Bud reaches into his front pocket and pulls out a pimp wad of bills and peels off a thin stack off them .

"Here," he hands me the stack of cash, "I'll give you $200 bucks for the ones in your hands."

"But... but they're nowhere near worth that much..."

"Well, maybe they will be in a few years..."


"No buts, man, you take the fucking cash, you give me the fucking comics, you give the cash to Violet, and if you're smart, which I fucking you know you are, you don't turn around and blow it on more comics or weed or dancing at the vampire clubs. Now do we have a fucking deal or are we going to sit here all day?"

I take the fucking cash. Bud throws the fucking comics in the seat behind him and peels out.

I say thank you and he just nods focused on delivering me home with as much mayhem as he can inflict on the streets while doing so.

I ask him not to tell Violet about this, he agrees so long as I don't tell his woman about this either.

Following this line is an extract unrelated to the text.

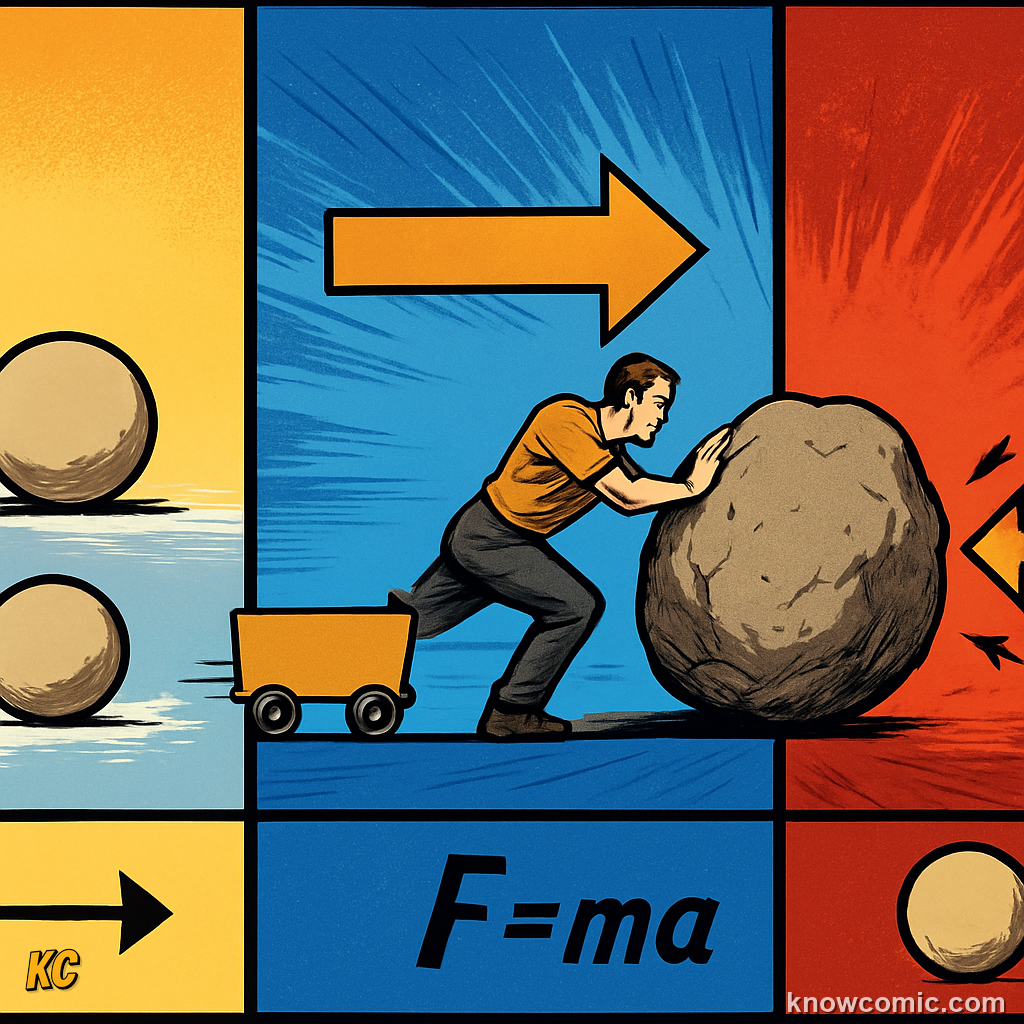 Summary of Newton's Three Laws of Motion: First Law (inertia), Second Law (F=ma), Third Law (action and reaction) — published in Principia Mathematica 1687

We drive in silence for a few miles before he bobs his head to the back seat, "Do I at least have any Wolverine or Punisher's in there?"

"Uh... no, I'm more of a DC guy. Their heroes strike me more as archetypes rather than grim gritty 'realistic' heroes and because of that their adventures have mythic overtones."

"Great," Bud rolls his eyes.

We drive in silence a little while longer.

"How 'bout Batman?" He asks as he pulls into the driveway of Violet Panick and I's North Avenue apartment, "You got any of him or is he too grim?"

"I got Batman...," I smile triumphantly, "I mean, that is to say you got Batman."

"Cool," He says as if it was some small measure of good news.

I get out of the car. He pulls off in a screech and cranks the Exploited back up.

A smile, a blink, a return to reality...

... 2016 damn near 20 years later and here I am standing in front of Lindbergh Station enjoying a last smoke before entering the MARTA hump.
In my hands a different comic book with a story that's very much the same I'm sure.

Finish the smoke, tuck the comic away, turn around and walk back into a world a little less mad, a little less beautiful, a little less noble than the one I left behind.